In my kitchen this casserole became the go-to when friends drop by unexpectedly. I once assembled it before a family birthday and tucked it into the oven while wrapping presents; when we sat down it felt like a special treat instead of a rushed meal. My partner’s favorite part is the crispy, golden edges where the custard meets the baking dish.
Ingredients
- Olive oil: Use one tablespoon of a good-quality extra-virgin olive oil such as California Olive Ranch or Colavita. It provides the initial caramelization for the shallot and carries the aromatics without overpowering the other ingredients.
- Shallot: One medium shallot, minced finely. Shallot adds a sweet, delicate onion flavor that is less aggressive than yellow onion — look for firm, dry skins and avoid any soft spots.
- Spinach: Four cups packed fresh spinach leaves. Baby spinach works well because it wilts quickly and does not need long cooking. If using mature leaves, remove tough stems.
- Garlic: Two cloves, minced. Fresh garlic brightens the vegetable base; avoid pre-minced jarred garlic for best flavor.
- Artichoke hearts: One 14-ounce can, drained and chopped.

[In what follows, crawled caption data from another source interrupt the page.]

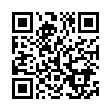 M-9588 自動計數跳繩_QRCODE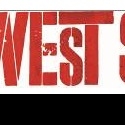 West Side Story Comes to ASU Gammage, 9/27-10/2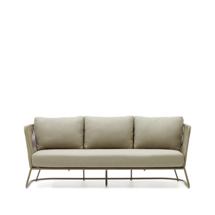 /i/Divan-LaForma-s12071756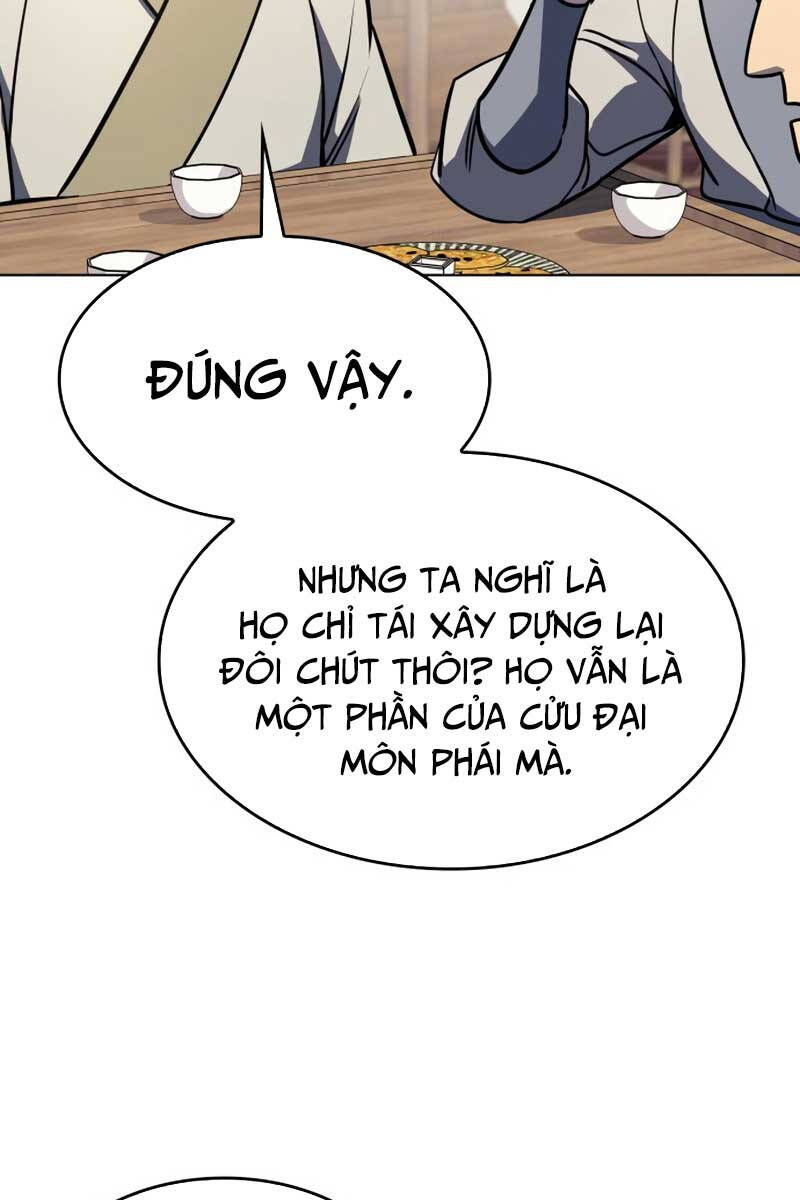 Thiên Ma Thần Quyết: Trùng Sinh Chapter 92.5 - 46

Quartered or marinated artichoke hearts both work; if packed in oil, drain and blot to control added fat.
- Sun-dried tomatoes: One 7-ounce jar, drained and chopped. If your jarred tomatoes are packed in oil, drain well and blot; packings in oil add richness while dry-packed tomatoes bring a chewier, concentrated sweetness.
- Eggs: Eighteen large eggs. They create a custard that sets into a tender, sliceable pan of savory breakfast goodness.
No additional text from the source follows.